On its iCloud security overview page, Apple says that customer data is encrypted in transit and on iCloud servers. This includes both the Photos app and content stored in iCloud Drive. So I’m wondering at which point Apple scans content. Clearly before it gets encrypted.
We know that Apple stores the encryption keys in the cloud as well, according to the company’s Legal Process Guidelines [PDF]. This is how Apple helps you reset your password, and provide law enforcement with data under a subpoena. Further, Apple’s legal terms for iCloud says the following (emphasis added):
C. Removal of Content
You acknowledge that Apple is not responsible or liable in any way for any Content provided by others and has no duty to pre-screen such Content.

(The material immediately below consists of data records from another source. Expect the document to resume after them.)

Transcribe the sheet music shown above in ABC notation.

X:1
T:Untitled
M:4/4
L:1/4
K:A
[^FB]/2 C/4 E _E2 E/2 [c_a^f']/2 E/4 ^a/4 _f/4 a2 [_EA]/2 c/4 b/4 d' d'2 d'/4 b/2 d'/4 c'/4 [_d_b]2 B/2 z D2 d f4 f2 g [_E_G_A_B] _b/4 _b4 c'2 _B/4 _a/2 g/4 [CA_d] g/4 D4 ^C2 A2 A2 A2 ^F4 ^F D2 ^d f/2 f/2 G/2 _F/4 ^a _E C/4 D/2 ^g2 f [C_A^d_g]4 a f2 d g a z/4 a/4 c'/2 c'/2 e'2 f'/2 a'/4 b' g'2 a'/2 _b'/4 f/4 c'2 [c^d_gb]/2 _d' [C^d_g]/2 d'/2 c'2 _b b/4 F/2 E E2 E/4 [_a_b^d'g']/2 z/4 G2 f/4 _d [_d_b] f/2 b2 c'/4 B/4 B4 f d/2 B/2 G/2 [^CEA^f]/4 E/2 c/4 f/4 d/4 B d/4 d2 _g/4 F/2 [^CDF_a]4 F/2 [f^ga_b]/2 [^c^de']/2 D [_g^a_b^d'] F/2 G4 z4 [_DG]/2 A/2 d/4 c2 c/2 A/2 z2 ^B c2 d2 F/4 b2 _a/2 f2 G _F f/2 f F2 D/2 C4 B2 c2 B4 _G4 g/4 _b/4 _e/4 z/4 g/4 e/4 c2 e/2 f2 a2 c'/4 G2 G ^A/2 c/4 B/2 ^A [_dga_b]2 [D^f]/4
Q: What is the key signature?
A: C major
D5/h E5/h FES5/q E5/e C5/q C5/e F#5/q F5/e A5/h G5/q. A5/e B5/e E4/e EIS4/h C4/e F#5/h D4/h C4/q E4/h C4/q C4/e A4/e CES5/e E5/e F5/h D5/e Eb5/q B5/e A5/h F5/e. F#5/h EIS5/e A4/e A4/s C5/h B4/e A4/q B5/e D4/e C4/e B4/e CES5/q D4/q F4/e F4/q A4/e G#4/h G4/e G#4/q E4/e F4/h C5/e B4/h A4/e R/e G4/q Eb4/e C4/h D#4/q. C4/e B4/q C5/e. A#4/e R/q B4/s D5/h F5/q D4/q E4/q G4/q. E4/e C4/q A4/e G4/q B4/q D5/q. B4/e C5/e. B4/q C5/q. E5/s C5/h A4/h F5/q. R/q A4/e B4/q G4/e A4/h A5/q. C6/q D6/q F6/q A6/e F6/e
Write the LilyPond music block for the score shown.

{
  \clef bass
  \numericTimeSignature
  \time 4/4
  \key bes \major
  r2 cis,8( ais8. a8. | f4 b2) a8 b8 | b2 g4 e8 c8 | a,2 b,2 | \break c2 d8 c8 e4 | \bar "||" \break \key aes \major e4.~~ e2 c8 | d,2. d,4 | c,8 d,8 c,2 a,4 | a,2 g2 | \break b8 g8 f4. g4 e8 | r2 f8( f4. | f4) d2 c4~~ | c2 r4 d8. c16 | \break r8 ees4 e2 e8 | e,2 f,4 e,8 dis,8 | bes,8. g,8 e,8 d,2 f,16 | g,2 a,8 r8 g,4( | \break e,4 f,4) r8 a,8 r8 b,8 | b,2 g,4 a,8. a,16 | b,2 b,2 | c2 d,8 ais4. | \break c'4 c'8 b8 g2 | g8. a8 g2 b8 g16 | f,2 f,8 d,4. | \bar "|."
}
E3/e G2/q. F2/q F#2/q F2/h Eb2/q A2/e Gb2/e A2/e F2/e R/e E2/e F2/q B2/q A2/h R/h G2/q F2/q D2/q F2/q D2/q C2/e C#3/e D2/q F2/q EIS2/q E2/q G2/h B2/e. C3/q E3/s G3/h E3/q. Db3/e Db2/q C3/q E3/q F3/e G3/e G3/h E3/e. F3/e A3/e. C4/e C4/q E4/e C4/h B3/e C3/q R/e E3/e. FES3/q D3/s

However, Apple reserves the right at all times to determine whether Content is appropriate and in compliance with this Agreement, and may pre-screen, move, refuse, modify and/or remove Content at any time, without prior notice and in its sole discretion, if such Content is found to be in violation of this Agreement or is otherwise objectionable.
How can Apple determine if content is appropriate or not if it isn’t scanning iCloud content despite it being encrypted? Or, as I mentioned, maybe it’s doing all of this scanning during upload/before encryption. Don’t get me wrong, I have no problem with Apple scanning for child abuse content, but I’d like to know the extent of Apple’s knowledge of general customer content.
The word “appropriate” needs to be defined, because as we saw in 2012, Apple once deleted a screenwriter’s script attached to an email because it had a character viewing a porn ad on his computer:
AND THEN I SAW IT — a line in the script, describing a character viewing an advertisement for a pornographic site on his computer screen. Upon modifying this line, the entire document was delivered with no problem.
I reached out to Apple with questions, and I’ll update this article if I get a response.
Note: Additionally, a crucial detail that a reader points out below was that end-to-end encryption for iCloud content is only turned on if you enable two-factor authentication. But that doesn’t include iCloud Drive or the Photos app. I could be wrong but I think end-to-end encryption is different than “encrypted in transit and at rest on the server.”
Henry Farid, one of the people who helped develop PhotoDNA, wrote an article for Wired saying:
Recent advances in encryption and hashing mean that technologies like PhotoDNA can operate within a service with end-to-end encryption. Certain types of encryption algorithms, known as partially or fully homomorphic, can perform image hashing on encrypted data. This means that images in encrypted messages can be checked against known harmful material without Facebook or anyone else being able to decrypt the image. This analysis provides no information about an image’s contents, preserving privacy, unless it is a known image of child sexual abuse.
I think homomorphic encryption is still relatively new and I don’t think Apple currently uses it. But I could see Apple using it because you can perform computations on data encrypted with this technique, similar to what Apple can do with differential privacy. I look forward to the iOS 13 security guide to see if I can glean some insight. Or like I mentioned earlier, maybe Apple just scans for this content before it gets uploaded and encrypted.